*Task material*
________________
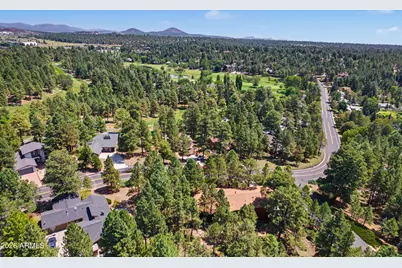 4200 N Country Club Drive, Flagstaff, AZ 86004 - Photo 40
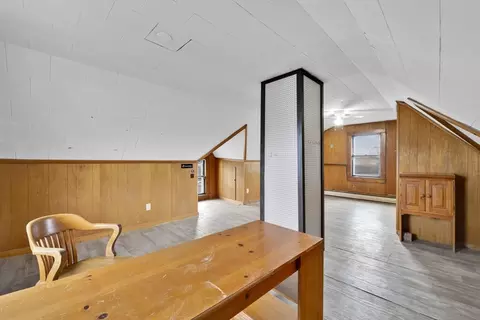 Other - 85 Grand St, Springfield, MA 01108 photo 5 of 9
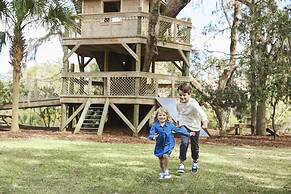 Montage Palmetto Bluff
________________
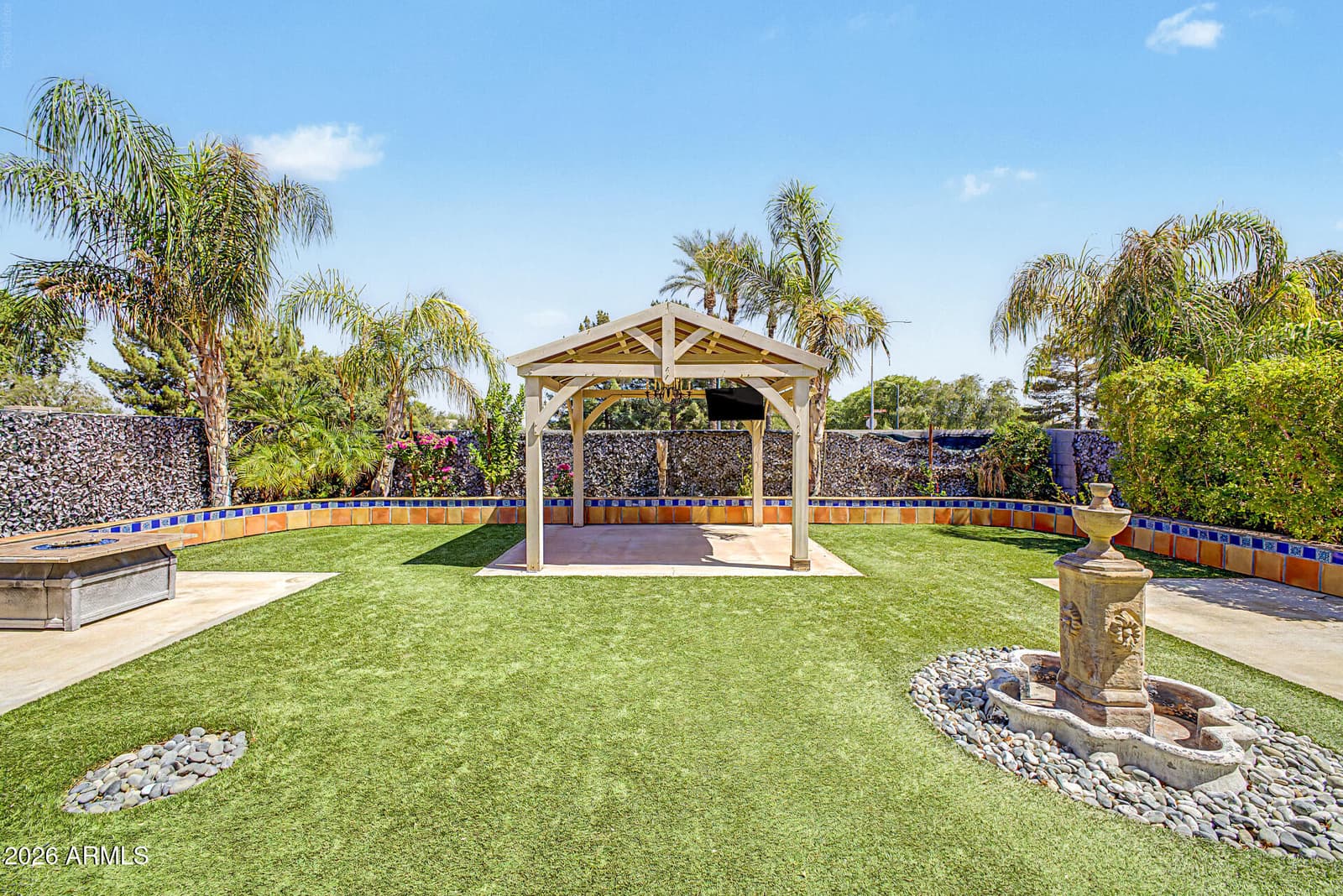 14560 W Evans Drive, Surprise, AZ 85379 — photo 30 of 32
________________
*Instructions for the task*
Reproduce the data above exactly, but only from the line containing "4200 N Country" through the line containing "Montage Palmetto Bluff"; skip the pictures.

*Solution to the problem*
 4200 N Country Club Drive, Flagstaff, AZ 86004 - Photo 40
 Other - 85 Grand St, Springfield, MA 01108 photo 5 of 9
 Montage Palmetto Bluff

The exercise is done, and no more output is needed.